On 6/12/2019 4:13 PM, Jason Gunthorpe wrote:
On Wed, Jun 12, 2019 at 04:07:53PM -0400, Tom Talpey wrote:
On 6/12/2019 11:21 AM, Jason Gunthorpe wrote:
On Tue, Jun 11, 2019 at 11:11:08AM -0400, Tom Talpey wrote:
On 6/11/2019 9:21 AM, Bernard Metzler wrote:
Hi all,
If enabled for siw, during receive operation, a crc32c over
header and data is being generated and checked. So far, siw
was generating that CRC from the content of the just written
target buffer. What kept me busy last weekend were spurious
CRC errors, if running qperf. I finally found the application
is constantly writing the target buffer while data are placed
concurrently, which sometimes races with the CRC computation
for that buffer, and yields a broken CRC.

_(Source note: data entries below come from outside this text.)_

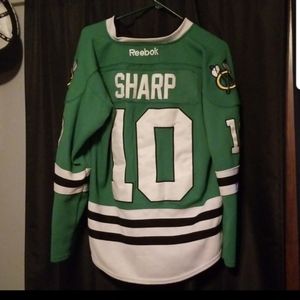 Green blackhawks jersey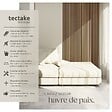 TECTAKE - Panneaux acoustiques muraux chêne en MDF placage bois véritable 120x60x2.1cm absorption sonore isolation phonique design scandinave - vignette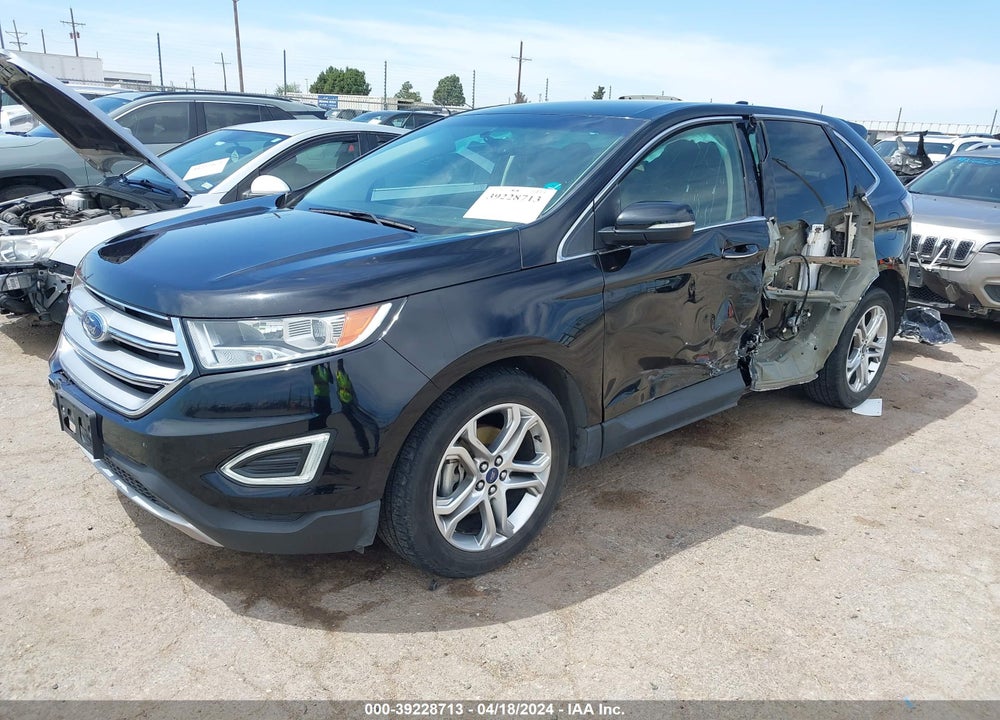 2018 FORD EDGE TITANIUM VIN: 2FMPK3K93JBB74971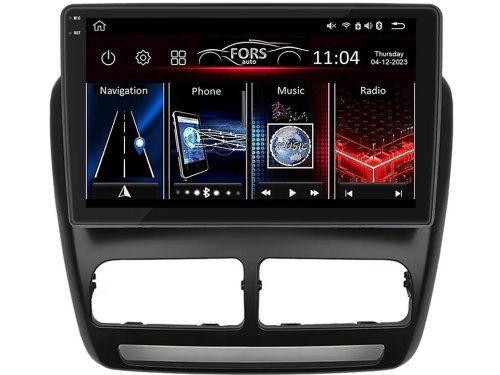 Штатная магнитола FORS.auto FS 4 PRO для Fiat Doblo 263 (4+64Gb, 10") 2009-2015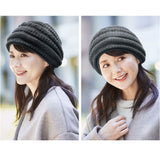 帽子 レディース ニット帽 通販 ニット帽子 室内帽子 ニット ぼうし 秋冬 あたたか帽子 リバーシブル 2way 内側シルク 二重構造 蒸れにくい 髪にやさしい ゆったり 手洗いOK お出かけ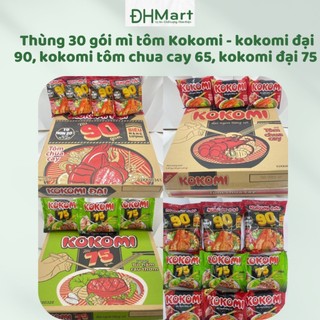Mì tôm Kokomi, Thùng mì Kokomi 30 gói, mì kokomi đại 90, mì kokomi đại 75, kokomi tôm chua cay 65g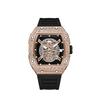 Richard Fully Automatic Men's Diamond-Studded Starry Sky Quartz Watch - Fashionable Hollow Design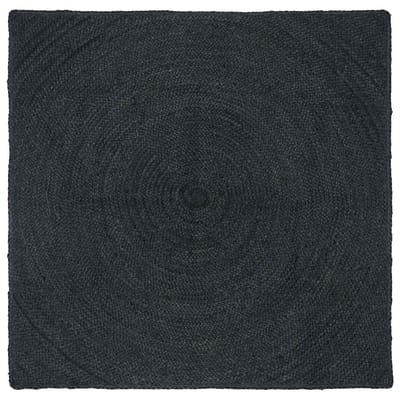 vidaXL - Vloerkleden - Donkergrijs - 120 - x - 120 - cm - Jute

Well, that's a clear bug in the application, assuming siw has
not yet delivered a send completion for the operation using
the buffer. This is a basic Verbs API contract.
May be so, but a kernel driver must not make any assumptions about the
content of memory controlled by user. So it is clearly wrong to write
data to a user buffer and then read it again to compute a CRC.
But it's not a user buffer. It's been mapped into the kernel for the
purpose of registering and performing data transfer This is standard
i/o processing. Both kernel and user have access.
It is a user buffer because the user has access. In fact it may not
even be mapped into the kernel address space.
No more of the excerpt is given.